Nafas Donghae memburu, saking emosinya.
"Kau menggunakan uang itu untuk apa? Rokok? Atau minuman keras? Ingat Jeno, sekarang kau adalah Jein, jangan sampai kau kembali ke kehidupan lamamu dan merusak nama Jein"
Jeno tersenyum sinis.
"Bagaimana jika aku tak mau lagi menjadi Jein? Aku akan menunjukan siapa aku sebenarnya kepada semua orang" ujar Jeno, namun bisa dibilang ia menjadikan itu sebagai ancaman pada ayahnya bahwa ia akan membongkar rahasia yang selama ini disembunyikan.
"Silahkan saja, kalau kau memang tak punya otak dan tak punya hati. Tidak sadarkah kau siapa yang sudah membunuh Jein? Kalau saja malam itu kau tidak mengajak Jein pergi, seharusnya ia masih hidup saat ini, dan dia bisa melanjutkan hidupnya yang jelas jauh lebih baik darimu" lagi dan lagi, setiap mereka bertengkar, maka Donghae akan mengungkit kembali, dan menyalahkan Jeno akan semua ini.
"Seharusnya kau saja yang mati, bukan Jein" ujar Donghae pelan, namun penuh penekanan. Dan setelahnya, Donghae berjalan keluar dari kamar.

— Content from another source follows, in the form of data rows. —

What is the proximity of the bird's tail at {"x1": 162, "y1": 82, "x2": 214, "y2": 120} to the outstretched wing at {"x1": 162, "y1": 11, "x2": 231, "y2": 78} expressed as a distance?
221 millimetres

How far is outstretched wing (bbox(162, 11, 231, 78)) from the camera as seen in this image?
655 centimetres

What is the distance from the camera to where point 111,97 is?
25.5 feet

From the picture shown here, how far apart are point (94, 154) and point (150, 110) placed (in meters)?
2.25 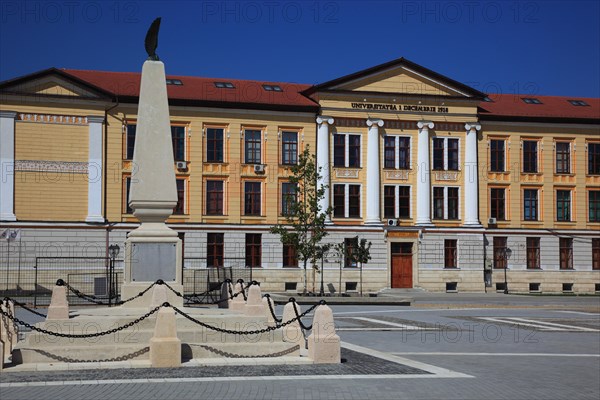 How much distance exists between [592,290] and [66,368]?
46859 mm

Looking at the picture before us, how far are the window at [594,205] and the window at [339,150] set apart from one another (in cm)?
1698

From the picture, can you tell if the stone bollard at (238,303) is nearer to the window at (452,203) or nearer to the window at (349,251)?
the window at (349,251)

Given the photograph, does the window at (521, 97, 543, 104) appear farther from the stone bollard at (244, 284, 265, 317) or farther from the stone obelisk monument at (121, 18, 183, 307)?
the stone obelisk monument at (121, 18, 183, 307)

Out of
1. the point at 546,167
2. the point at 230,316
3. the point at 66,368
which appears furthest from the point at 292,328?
the point at 546,167

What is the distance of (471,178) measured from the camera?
54438 mm

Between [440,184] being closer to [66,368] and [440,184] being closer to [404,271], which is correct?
[404,271]

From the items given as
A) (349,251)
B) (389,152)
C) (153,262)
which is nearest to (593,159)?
(389,152)

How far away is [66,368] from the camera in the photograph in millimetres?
15852

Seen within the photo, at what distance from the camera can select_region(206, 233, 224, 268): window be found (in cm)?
5025

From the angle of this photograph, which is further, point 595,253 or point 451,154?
point 595,253

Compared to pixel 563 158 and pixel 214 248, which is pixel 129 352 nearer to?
pixel 214 248

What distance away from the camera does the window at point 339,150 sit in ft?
173

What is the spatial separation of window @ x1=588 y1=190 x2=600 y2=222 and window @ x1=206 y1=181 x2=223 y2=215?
24.3 m

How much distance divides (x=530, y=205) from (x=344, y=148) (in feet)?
42.7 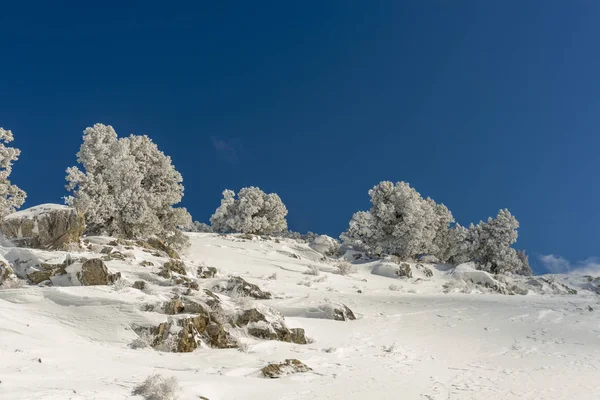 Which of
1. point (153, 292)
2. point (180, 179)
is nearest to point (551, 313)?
point (153, 292)

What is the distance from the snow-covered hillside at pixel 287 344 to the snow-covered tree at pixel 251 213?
111 feet

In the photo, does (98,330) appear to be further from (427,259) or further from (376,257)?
(427,259)

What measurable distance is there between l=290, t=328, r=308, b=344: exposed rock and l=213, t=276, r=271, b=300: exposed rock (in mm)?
4591

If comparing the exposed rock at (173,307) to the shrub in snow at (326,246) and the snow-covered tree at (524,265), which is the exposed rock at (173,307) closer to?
the shrub in snow at (326,246)

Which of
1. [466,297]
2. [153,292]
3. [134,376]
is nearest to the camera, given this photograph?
→ [134,376]

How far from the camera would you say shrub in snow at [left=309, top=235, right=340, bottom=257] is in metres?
42.6

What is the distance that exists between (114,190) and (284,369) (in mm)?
22386

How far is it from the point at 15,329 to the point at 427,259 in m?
39.0

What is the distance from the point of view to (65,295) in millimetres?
11219

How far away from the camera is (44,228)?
1878 cm

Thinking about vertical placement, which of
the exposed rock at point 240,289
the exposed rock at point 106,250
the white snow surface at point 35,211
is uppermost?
the white snow surface at point 35,211

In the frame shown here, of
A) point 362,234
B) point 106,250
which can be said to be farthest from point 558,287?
point 106,250

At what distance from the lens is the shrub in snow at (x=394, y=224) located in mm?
40500

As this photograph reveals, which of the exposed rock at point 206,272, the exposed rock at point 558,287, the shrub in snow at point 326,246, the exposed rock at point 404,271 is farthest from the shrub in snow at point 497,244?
the exposed rock at point 206,272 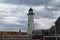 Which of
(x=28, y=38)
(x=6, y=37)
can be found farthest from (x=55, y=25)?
(x=6, y=37)

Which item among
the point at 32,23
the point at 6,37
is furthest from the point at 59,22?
the point at 32,23

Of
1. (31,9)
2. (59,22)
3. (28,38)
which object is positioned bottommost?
(28,38)

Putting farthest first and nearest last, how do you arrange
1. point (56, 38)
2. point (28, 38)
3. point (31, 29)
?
1. point (31, 29)
2. point (28, 38)
3. point (56, 38)

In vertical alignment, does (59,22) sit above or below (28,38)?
above

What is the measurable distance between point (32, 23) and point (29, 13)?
2.22m

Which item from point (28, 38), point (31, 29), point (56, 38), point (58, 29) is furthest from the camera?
point (31, 29)

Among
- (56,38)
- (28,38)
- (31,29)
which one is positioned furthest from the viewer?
(31,29)

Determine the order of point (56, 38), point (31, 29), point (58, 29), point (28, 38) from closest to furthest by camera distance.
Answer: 1. point (56, 38)
2. point (28, 38)
3. point (58, 29)
4. point (31, 29)

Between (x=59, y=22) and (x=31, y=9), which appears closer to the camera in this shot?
(x=59, y=22)

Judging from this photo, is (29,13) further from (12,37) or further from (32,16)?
(12,37)

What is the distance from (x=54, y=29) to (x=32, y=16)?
37.4 ft

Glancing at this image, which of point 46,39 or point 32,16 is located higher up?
point 32,16

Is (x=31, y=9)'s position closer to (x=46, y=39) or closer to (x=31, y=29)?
(x=31, y=29)

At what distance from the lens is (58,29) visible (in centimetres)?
2902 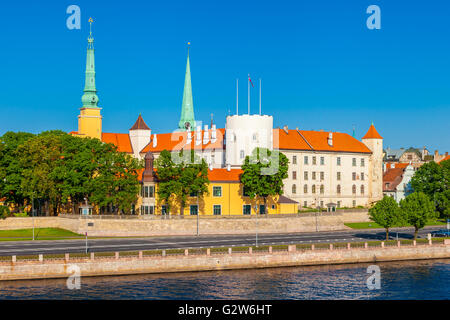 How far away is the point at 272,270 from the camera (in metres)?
71.0

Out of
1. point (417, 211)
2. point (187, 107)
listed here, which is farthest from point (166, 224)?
point (187, 107)

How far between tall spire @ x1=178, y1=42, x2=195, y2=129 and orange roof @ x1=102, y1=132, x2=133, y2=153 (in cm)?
2527

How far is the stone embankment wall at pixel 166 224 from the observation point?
92562 mm

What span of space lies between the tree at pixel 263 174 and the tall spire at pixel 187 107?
61758 millimetres

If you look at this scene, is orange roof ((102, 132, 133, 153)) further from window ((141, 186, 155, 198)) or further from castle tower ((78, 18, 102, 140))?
window ((141, 186, 155, 198))

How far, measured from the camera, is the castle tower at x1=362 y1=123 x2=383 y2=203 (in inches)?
5310

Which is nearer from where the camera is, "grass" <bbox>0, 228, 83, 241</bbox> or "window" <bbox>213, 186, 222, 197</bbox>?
"grass" <bbox>0, 228, 83, 241</bbox>

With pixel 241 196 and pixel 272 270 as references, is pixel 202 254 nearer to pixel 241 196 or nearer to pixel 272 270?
pixel 272 270

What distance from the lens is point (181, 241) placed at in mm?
84750

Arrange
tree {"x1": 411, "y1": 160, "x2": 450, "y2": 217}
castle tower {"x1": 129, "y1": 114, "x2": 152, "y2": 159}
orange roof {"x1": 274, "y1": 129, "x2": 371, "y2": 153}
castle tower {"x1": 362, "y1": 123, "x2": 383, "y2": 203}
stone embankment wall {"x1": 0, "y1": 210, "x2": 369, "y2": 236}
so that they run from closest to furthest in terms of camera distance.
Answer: stone embankment wall {"x1": 0, "y1": 210, "x2": 369, "y2": 236} < tree {"x1": 411, "y1": 160, "x2": 450, "y2": 217} < orange roof {"x1": 274, "y1": 129, "x2": 371, "y2": 153} < castle tower {"x1": 362, "y1": 123, "x2": 383, "y2": 203} < castle tower {"x1": 129, "y1": 114, "x2": 152, "y2": 159}

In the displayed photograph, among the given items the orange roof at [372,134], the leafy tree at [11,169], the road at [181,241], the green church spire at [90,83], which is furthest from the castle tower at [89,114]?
the orange roof at [372,134]

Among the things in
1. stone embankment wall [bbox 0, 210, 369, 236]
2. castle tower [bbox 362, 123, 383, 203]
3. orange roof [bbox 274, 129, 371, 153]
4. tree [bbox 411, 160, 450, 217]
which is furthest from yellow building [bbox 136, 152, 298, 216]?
castle tower [bbox 362, 123, 383, 203]

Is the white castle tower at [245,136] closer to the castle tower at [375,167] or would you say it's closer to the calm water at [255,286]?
the castle tower at [375,167]

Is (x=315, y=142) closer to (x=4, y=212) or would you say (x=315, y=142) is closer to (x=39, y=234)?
(x=39, y=234) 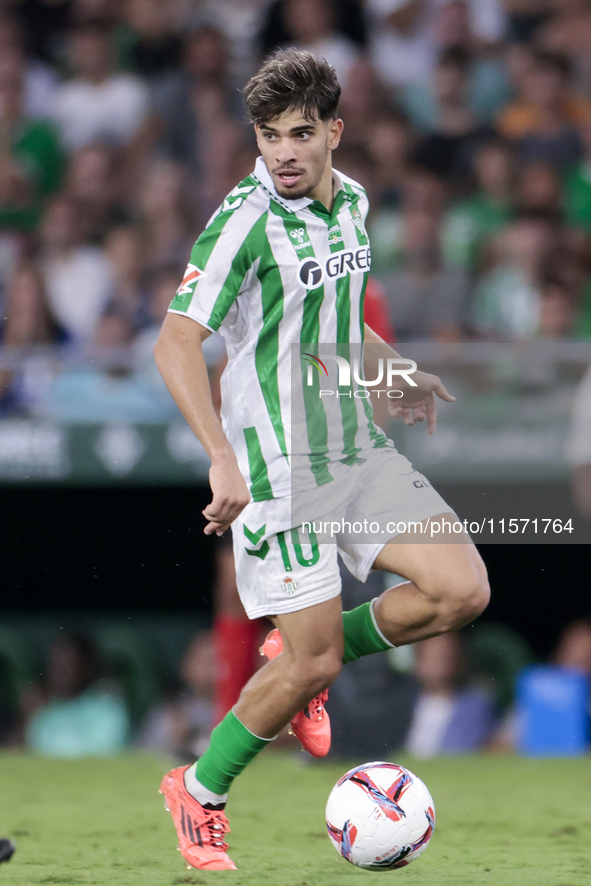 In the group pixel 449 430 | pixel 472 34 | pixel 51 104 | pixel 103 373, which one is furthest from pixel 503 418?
pixel 51 104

Jeno membulatkan mata, terkejut dengan ucapan ayahnya barusan, namun tak bisa berkata apa-apa.
Jeno menggigit bibirnya, menahan dirinya untuk tidak menangis, matanya sudah memerah, begitu juga wajahnya.
Hatinya begitu sakit. Tidak sadarkah ayahnya, bahwa setiap ucapannya meninggalkan luka untuknya, ditambah dengan ucapannya terakhir, menimbulkan luka baru, kali ini lebih dalam.
Jeno tak habis pikir bagaimana bisa seorang ayah mengatakan hal itu pada anaknya sendiri? Meskipun hubungan mereka kurang baik, bukankah bagaimanapun ia adalah anaknya?